Müzede bulunan objeler, olayların yaşandığı tarih sırasına göre dizilmişti. Ziyaretçilerin çoğu bu dizine göre sergiyi geziyorlardı. Ben de aynı sırayı izleyerek sergideki belgeleri ve eşyaları incelemeye çalıştım. Bir ara idam sehpasını görünce aniden irkildim ve ağlamaktan kendimi zor tuttum. Salonda eşyaları inceledikçe öfkem ve üzüntüm katlanarak arttı. Köylüm ve ilkokul arkadaşım Çağdaş Kawa Mazlum Doğan’ın kolsuz kazağını görünce bu defa ağlamakta kendimi alamadım.
Müzeye birlikte gittiğim arkadaşları bulmaya çalışırken bir ara dışarıya yöneldim. Bahçede bulunan merdiven süpürgelikleri üzerinde oturan birkaç kişi sohbet ediyorlardı. Ben de yorgunluğumu atmak için oraya oturdum.
65-70 yaşlarında iki bayan orta yaşlardaki karı-koca ile tartışıyorlardı. İster istemez kulak misafiri oldum. Tartışma esnasında bu iki yaşlı bayan İşçi Partisi (İP) üyesi olduklarını söylediler.

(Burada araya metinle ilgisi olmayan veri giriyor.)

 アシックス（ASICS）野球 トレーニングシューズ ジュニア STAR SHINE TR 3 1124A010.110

Karı-koca: “Müzede bulunan Dersim katliamı ile ilgili belgeler etkileyiciydi. Önderimiz-Pirimiz Seyit Rıza’ya yapılan bu zulmü içime sindiremiyorum. Bu devlet geçmişiyle mutlaka hesaplaşmalıdır”
İki İP’li Bayan: “Onlar da Cumhuriyete karşı isyan ettiler. Biz bu ülkede Mustafa Kemal Atatürk’ten başka önder tanımayız. Bu ülkede Cumhuriyet ve Atatürk düşmanlarına karşı mücadele edeceğiz…”

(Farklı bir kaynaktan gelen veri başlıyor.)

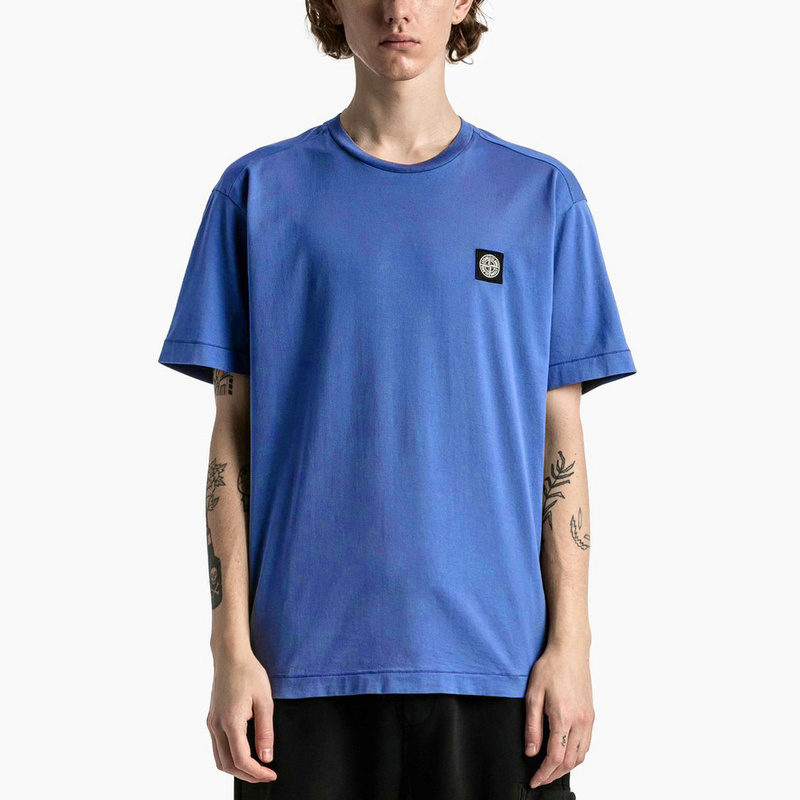 SI T-shirt 2715 - Image 4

Müzedeki idam sehpası ve yitirdiğimiz devrimcilere ait eşyaların etkisinden henüz çakamamış, bozulmuş bir psikoloji içinde sesimi de biraz yükselterek, bu iki bayana yönelip; -insaf yahu! Hem bizi katlediyorsunuz, hem de bizi Cumhuriyet ve Atatürk düşmanı ilan ediyorsunuz. Mustafa Kemal’in emriyle dedelerim katledildiği halde ben yine de Atatürk’e düşmanlık yapmıyorum. Sizin bu “Vatan-millet-bayrak” sendromunuz yüzünden düşman olmaya zorlanıyoruz. Ayıptır, günahtır!
İki İP’li Bayan: “Beyefendi biraz sakin olun. Bu ses tonu ile tartışma yapılmaz. Biz vatanımızı korumak için uğraşıyoruz.”

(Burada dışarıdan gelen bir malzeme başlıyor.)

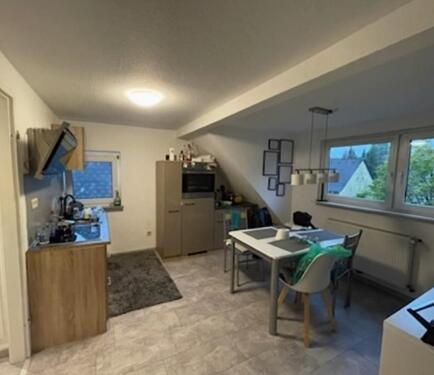 Foto - Etagenwohnung zur Miete in Essen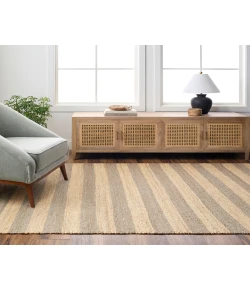 Livabliss Atina ATA2301 Camel Tan Area Rug 27 in. X 45 in. Rectangle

Sesimi daha da yükselterek; -Sizin için vatan, bizim için ise insan değerlidir. Benim açımdan insan yaşamı vatandan daha kutsaldır. Vatan dediğiniz bu topraklar üzerinde sizden önce başka uluslar vardı. Bu gün siz-biz varız. Yarın bizim yerimize başkaları da olabilir. Ne yazık ki, insanlar hep birbirlerini öldürerek bu topraklarda yaşıyorlar. Hâlbuki barış ve dostluk içinde birlikte yaşayabilirler. İşte benim sizden en önemli farkım budur. Siz önce vatan diyorsunuz, ben ise önce insan diyorum. Aslında Türkiye başbakanı Erdoğan sizden daha fazla Atatürkçüdür. Sizin potinleriniz, onların ise terlikleri vardır. Terlikçi ile potincinin arasında sıkıştırılmış olan benim. Nedir bu sizden çektiğimiz? İnsaf yahu!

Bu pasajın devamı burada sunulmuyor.